SportTechie Startup Profile Series: FANSeye Sports Actually Brings Validity To Fan Analysis


FANSeye-logo-wordmark

Company: FANSeye Sports Inc.

CEO: Frank Provenzano

Headquarters: Dallas, Tx

 1. What is your elevator pitch?

FANSeye is a sports evaluation platform for fans to rate players. And each other.

2. Problem & Solution

Problem#1: there is no organized forum for fans to engage in an insightful conversation about players in a particular sport and to get recognized for knowing what they are talking about.

Problem #2: for consumers of insightful and entertaining sports conversation, the content is spread out amongst multiple platforms and littered with noise

Solution:

  • Pre-organize the conversation: since we already know what fans are going to be talking about (the players) we can set up the conversation database before the discussion actually happens.
  • FANSeyeQ: establish a points system for fans to get rewarded for contributing content to the conversation that people engage with. Users build their FANSeyeQ score with the goal of reaching Expert status in the app, giving them the highest level of power and privilege.
  • FANScore: a unique crowd-sourced fan opinion metric that is a function of the individual player ratings in user posts.
  • Dual Content Feeds: users can follow either the players they want information on or the users they find engaging, giving them the pre-sorted content they want at their point of need.

3. Market – your target market and the overall market

Overall market: According to US Census data, there are over 100 million people in the United States that emotionally identify with at least one professional/college sports team.

Target Market: we are targeting both the sports fan that currently participates in the sports conversation through “traditional” social media platforms and the fantasy sports player looking for insightful roster information.

Our initial launch sport is the NFL:

  • there are 88 million people who follow individual NFL athletes
  • there are over 36 million people who play fantasy sports with a market spend of over $4 billion

4. Business Model

In-app: premium purchase options (insider content/stats & user challenges)

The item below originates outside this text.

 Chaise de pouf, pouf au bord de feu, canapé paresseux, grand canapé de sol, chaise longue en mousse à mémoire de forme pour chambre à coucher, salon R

FANScore monetization: FANSeye will produce a crowd-sourced & real-time fan opinion metric that currently does not exist in the market

Database monetization: our database will contain detailed player preferences of our user base on a geo-segmented basis

5. Management Team 

Frank Provenzano: Founder & CEO

  • Former NHL Assistant GM (Dallas Stars & Washington Capitals)

Megan Considine: Director of Marketing

  • Former Managing Director, Mobile & New Digital Products, The New York Times

Advisory Board: Alex Goligoski

  • Player, Dallas Stars (NHL)

John Vidalin – Chief Sales Officer, Miami Heat (NBA)

Mike Hume – National Sports Editor, Washington Post

Mike Solow – CEO, Idea Harvest LLC

6. What else do you want the audience to know about your venture?

One of the recurring themes of my 17 years of NHL front office experience was the difficulty for the average person who was passionate and knowledgeable about a particular sport to get their foot in the door of the true player conversation. FANSeye’s mission is to build the first truly global player evaluation platform and eliminate the traditional barriers to entry for people that have the insight but not the inside connections.

Bonus Questions:

If you were to invite any CEO to dinner who would it be and why?

Craig Jelinek, CEO of Costco. Why? He is running a successful retail empire by employing practices that seem to be the opposite of what the “standard” business practices are in that sector. He seems to embody the “CEO as servant” style of leadership, which I admire.

If you could go to any sporting event, what would it be and why?

I would go to the first Copper Canyon Ultra Marathon. The concept of a group of people running 50 miles through rough and dangerous terrain for a cause greater than themselves is both rare and almost impossible to sustain.